| Exercise instructions |
Every line in the records below that holds the word "Image" is to be copied.

[[ Data for this task, beginning ]]

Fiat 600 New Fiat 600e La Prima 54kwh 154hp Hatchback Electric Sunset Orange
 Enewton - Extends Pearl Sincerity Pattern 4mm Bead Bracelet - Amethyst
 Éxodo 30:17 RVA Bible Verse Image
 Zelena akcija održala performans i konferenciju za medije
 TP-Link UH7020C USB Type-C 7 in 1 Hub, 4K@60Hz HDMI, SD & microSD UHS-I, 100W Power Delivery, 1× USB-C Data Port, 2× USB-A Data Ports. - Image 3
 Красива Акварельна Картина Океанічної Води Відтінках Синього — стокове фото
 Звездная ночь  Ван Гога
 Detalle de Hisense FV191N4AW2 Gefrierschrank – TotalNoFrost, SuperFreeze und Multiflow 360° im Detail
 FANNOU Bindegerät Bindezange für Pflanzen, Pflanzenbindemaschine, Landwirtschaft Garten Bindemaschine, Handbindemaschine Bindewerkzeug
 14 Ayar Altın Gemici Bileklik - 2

[[ Data for this task, end ]]

| Exercise answer |
 Éxodo 30:17 RVA Bible Verse Image
 TP-Link UH7020C USB Type-C 7 in 1 Hub, 4K@60Hz HDMI, SD & microSD UHS-I, 100W Power Delivery, 1× USB-C Data Port, 2× USB-A Data Ports. - Image 3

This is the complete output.